SAL provides persistent, memory-mapped allocation with reference counting, copy-on-write, and background compaction. It is the foundation that PsiTri builds on.

Addressing Model¶

Every allocated object has a permanent 32-bit ID (ptr_address) that indexes into an array of atomic 64-bit control blocks:

ptr_address (32-bit permanent ID)
     |
     v  array lookup (O(1))
control_block (64-bit atomic)
  +------------------------------------------------------+
  | ref_count (21 bits) | location (41 bits) | flags (2b) |
  +------------------------------------------------------+
     |
     v  direct memory access
Object Data (at physical location in memory-mapped segment)

The location field addresses 64-byte cache lines. The 41-bit field can theoretically address 128 TB, but the configured maximum database size is 32 TB.

Object Header (alloc_header, 12 bytes)¶

+---------------------------------------------------------------+
| checksum (2B)   ptr_addr_seq (6B)   size:25 | type:7 (4B)     |
+---------------------------------------------------------------+

checksum: XXH3 hash for corruption detection
ptr_addr_seq: 2-byte sequence number + 4-byte ptr_address, used for crash recovery ordering when the same address appears in multiple segments
size: Object size in bytes (64-byte aligned), max 32 MB
type: User-defined type ID (7 bits, 127 types)

Copy-on-Write (COW)¶

Copy-on-write means shared data is never modified in place -- a copy is made before any mutation, preserving the original for concurrent readers and crash recovery.

write to object
     |
     v
ref_count == 1? ---yes---> modify in-place (unique path)
     |
     no
     |
     v
allocate new object
copy data + apply modification
update control_block location
release old reference

The unique vs shared decision propagates through the tree: if a parent node has ref == 1, all modifications down to the leaf can be in-place. If any ancestor is shared (ref > 1), the entire path must be copied.

Background Threads¶

Segment Provider¶

Pre-allocates segments and manages pinned vs unpinned pools. Writers never block on file I/O, mmap, or system calls during allocation -- they grab pre-initialized segments from a ready queue.

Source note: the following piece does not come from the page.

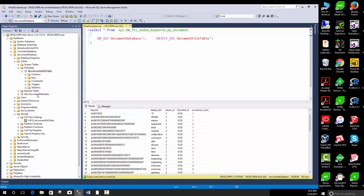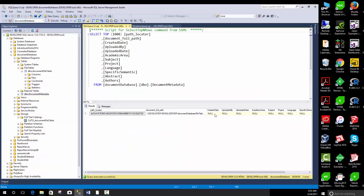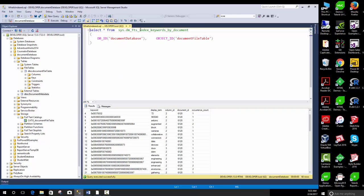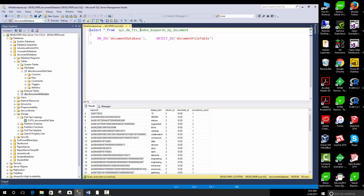Now let's see what happened to our metadata table. We have an entry here with all the metadata populated — this is coming from the function we made. The path locator is the unique identifier for this record.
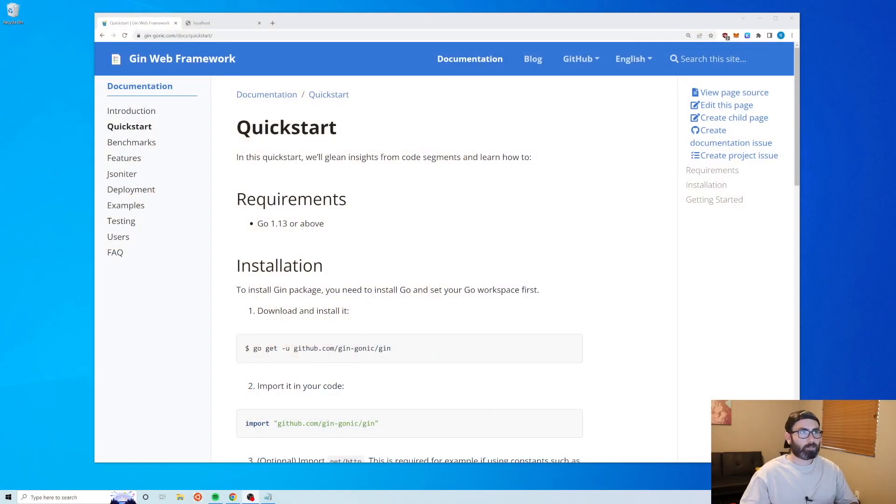Welcome to another edition of Coding with Robbie. In this video we're going to be covering file uploads in Golang. I'm going to be using Gin and giving you two examples: the first example we'll upload to disk, and the second example we'll upload to Amazon S3. Like and subscribe and let's get right into it.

Writer A:  [segment 7 ........]  <-- bump allocate here
Writer B:  [segment 12 ......]  <-- bump allocate here, independently
Writer C:  [segment 3 ........]  <-- about to grab next from ready queue

Background provider: [...] -> [seg 15] -> [seg 16] -> [seg 17]

Compactor¶

The compactor runs continuously in the background:

Defragments segments by moving live objects to new segments
Promotes hot data to pinned (mlocked) segments based on MFU tracking
Validates checksums as it copies, detecting corruption passively
Drains release queues from writer sessions, batching free-list updates

Read Bit Decay¶

Periodically clears MFU access bits on a rolling window, ensuring the cache tracks frequency rather than recency. Also manages mlock/munlock of segments and proactive file extension.

MVCC Read Isolation¶

Thread A (writer)            Thread B (reader)
     |                            |
     |                       read_lock rl = session.lock()
     |                            |
  modify node --COW-->       sees old version via
  (new location)              original location
     |                            |
     |                       ~read_lock()
     |                            |
     |                       next lock sees new version

Read locks are wait-free (atomic counter only, no mutex)
Up to 64 concurrent readers
Compactor respects active read locks before relocating objects

Concurrent Writers¶

Multiple writer sessions can operate simultaneously on independent trees with zero contention. See Concurrent Writers for the full design.

Sync Modes¶

Mode	Durability	Performance
`none`	Process crash safe only	Fastest
`mprotect`	+ Write protection on committed data	Fast
`msync_async`	+ OS flush initiated	Moderate
`msync_sync`	+ Block until OS writes	Slower
`fsync`	+ Block until drive acknowledges	Slow
`full`	+ F_FULLFSYNC (flush drive cache)	Slowest, safest

Scaling Limits¶

Limit	Value	Constraint
Configured max database	32 TB	41-bit field supports up to 128 TB; configured limit is 32 TB
Object IDs	~4 billion	32-bit `ptr_address` space
Descendant counter	~550 billion	39-bit `_descendents` per inner node
Concurrent snapshots	~2 million	21-bit reference count

Which limit you hit first depends on your data profile:

Avg Key	Avg Value	Inlined?	Limiting Factor	Max Keys
8 B	8 B	Yes	4B address space	~230B
32 B	32 B	Yes	4B address space	~230B
32 B	256 B	No	4B address space	~4B
32 B	4 KB	No	4B address space	~4B
32 B	1 MB	No	32 TB storage	~33M